Ext.onReady()
and $(document).ready()
have nothing to do about either library being loaded as the current accepted answer suggests.
According to the documentation both are about the DOM being loaded and ready.
Documentation
An Answer to Your Case
It's possible that you're loading the Ext JS resource after your script fires, but jQuery is already loaded above your script. Thus using jQuery to wait until the DOM is loaded guarantees that the DOM has been loaded and thus by then Ext JS has also been loaded.
If you try to invert them and us Ext JS first you'll likely have an error.
According to the documentation they're doing the same thing so you shouldn't need to nest them
A Fix for this Scenario
If you are loading your resources like so:
- jQuery
- Your Script
- Ext JS
It would be best to load them in this order:
- jQuery and/or Ext JS
- Order shouldn't matter as they can stand by themselves without requiring one or the other
- Your Script
Additional Explanation
Due to how the DOM is loaded and parsed by the time it reads your script it guarantees that jQuery and Ext JS are available. This is why you can reference their libraries in your script; you're not waiting for them to load they're already there and available to be used which is why you can call them and use their ready calls.

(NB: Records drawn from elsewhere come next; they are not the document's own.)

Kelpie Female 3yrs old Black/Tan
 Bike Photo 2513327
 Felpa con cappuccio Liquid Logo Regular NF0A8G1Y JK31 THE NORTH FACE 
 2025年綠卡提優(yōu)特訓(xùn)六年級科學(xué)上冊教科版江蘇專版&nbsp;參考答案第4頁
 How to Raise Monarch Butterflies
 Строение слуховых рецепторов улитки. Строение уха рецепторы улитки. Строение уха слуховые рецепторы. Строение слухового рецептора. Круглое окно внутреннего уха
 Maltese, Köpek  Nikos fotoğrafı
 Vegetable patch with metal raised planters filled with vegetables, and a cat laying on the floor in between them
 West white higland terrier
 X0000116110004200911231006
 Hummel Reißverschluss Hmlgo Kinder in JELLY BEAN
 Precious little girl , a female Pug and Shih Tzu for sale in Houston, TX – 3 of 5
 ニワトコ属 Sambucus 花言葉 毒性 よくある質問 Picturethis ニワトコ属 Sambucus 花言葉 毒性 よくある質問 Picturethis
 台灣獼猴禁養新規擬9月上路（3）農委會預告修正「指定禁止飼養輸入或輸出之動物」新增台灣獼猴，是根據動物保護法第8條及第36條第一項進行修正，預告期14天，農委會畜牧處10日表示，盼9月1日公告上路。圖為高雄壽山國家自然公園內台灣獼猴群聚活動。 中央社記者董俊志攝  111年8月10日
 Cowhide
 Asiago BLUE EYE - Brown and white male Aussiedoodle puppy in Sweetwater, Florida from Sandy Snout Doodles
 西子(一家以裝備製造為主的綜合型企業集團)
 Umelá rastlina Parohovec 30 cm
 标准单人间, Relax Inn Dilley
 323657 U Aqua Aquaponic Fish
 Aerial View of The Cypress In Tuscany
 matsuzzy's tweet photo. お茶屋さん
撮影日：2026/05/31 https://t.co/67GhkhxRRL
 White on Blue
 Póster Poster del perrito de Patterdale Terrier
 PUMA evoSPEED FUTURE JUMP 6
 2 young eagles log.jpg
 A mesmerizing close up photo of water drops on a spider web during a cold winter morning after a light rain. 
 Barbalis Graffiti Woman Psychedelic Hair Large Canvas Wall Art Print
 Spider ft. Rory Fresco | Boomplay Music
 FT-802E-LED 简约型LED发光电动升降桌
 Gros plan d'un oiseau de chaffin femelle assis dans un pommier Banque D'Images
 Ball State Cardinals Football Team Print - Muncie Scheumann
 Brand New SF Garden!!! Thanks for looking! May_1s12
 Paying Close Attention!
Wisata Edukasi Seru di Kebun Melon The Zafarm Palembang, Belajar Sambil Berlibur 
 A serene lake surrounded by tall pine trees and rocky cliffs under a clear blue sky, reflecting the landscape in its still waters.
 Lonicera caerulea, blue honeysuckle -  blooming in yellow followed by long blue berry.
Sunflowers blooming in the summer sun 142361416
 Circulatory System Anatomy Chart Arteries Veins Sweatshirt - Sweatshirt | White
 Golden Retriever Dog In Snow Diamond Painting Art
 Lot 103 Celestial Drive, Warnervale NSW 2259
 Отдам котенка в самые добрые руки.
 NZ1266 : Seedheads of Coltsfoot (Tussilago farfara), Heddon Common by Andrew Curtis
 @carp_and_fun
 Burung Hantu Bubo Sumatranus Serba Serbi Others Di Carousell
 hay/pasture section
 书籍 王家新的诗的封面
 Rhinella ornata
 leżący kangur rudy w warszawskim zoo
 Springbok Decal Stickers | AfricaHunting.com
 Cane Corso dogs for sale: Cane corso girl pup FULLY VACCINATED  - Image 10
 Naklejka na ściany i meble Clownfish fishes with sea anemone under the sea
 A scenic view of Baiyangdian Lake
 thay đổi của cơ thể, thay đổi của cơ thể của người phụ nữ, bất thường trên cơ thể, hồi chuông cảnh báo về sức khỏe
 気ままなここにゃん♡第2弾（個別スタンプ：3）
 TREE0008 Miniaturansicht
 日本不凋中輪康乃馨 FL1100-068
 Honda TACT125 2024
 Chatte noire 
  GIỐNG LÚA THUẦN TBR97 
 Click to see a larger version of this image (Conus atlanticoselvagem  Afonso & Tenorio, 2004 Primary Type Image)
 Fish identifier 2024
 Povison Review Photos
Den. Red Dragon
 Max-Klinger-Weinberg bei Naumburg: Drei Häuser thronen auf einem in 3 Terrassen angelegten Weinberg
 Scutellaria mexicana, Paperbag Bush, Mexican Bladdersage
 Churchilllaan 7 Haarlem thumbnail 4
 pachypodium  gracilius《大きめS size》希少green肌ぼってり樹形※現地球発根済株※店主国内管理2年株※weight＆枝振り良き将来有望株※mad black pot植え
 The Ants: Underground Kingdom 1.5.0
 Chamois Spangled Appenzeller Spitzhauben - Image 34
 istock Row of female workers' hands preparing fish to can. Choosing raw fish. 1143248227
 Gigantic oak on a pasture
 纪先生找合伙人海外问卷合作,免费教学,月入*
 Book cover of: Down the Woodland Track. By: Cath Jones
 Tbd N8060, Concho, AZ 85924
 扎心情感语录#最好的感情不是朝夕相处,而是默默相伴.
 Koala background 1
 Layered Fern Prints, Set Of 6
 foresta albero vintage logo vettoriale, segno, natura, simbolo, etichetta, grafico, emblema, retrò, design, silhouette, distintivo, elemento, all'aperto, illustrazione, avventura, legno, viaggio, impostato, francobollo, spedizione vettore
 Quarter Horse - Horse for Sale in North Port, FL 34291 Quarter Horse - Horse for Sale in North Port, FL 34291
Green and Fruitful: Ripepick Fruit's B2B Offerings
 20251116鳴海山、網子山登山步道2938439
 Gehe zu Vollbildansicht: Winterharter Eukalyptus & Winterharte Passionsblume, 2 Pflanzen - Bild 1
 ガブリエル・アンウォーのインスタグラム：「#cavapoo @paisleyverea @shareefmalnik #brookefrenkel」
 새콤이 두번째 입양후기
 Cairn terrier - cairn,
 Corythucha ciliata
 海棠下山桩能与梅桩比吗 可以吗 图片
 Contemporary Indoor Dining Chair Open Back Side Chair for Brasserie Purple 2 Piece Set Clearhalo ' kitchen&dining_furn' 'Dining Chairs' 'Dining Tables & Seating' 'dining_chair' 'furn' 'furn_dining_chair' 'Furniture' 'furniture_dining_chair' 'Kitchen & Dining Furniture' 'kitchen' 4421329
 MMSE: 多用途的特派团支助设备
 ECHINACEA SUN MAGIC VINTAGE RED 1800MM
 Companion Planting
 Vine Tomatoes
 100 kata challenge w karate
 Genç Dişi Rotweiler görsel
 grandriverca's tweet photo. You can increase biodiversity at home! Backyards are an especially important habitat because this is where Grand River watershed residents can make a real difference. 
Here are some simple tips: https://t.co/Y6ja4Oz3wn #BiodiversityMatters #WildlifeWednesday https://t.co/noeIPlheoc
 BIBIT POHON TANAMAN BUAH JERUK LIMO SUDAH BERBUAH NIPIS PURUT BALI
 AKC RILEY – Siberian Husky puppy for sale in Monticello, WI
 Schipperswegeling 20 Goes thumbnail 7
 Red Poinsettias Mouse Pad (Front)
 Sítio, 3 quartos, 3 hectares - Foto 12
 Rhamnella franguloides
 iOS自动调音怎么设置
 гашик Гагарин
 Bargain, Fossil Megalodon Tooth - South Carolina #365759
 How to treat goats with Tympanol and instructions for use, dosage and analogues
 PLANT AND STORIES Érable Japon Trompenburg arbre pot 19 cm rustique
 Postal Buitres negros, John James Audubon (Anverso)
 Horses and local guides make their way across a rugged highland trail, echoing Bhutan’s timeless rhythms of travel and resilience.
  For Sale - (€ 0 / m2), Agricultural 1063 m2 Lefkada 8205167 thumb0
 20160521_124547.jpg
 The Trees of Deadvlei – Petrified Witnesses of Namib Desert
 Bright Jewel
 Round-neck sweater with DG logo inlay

You need to use the ready event of one of the libraries to guarantee that all elements are loaded into the DOM and available to be accessed. You also shouldn't try to add anything to the DOM until it's ready although you can append to current elements that have been loaded above your element/script tag. It's just best practice to not touch the DOM until it's finished loading.
Additional Explanation Nobody Asked For 🔥
Handling DOM ready is more involved than these libraries make it which is why they both include such an event handler.
The following link explains with vanilla JS how you cannot only add your event listener you also need to check if it has already fired when you go to add your event listener for DOM ready. This is a common case to handle with eventing - where you create a race condition where an event may fire before you start listening for it - then you don't know that it ever happened without another way to check.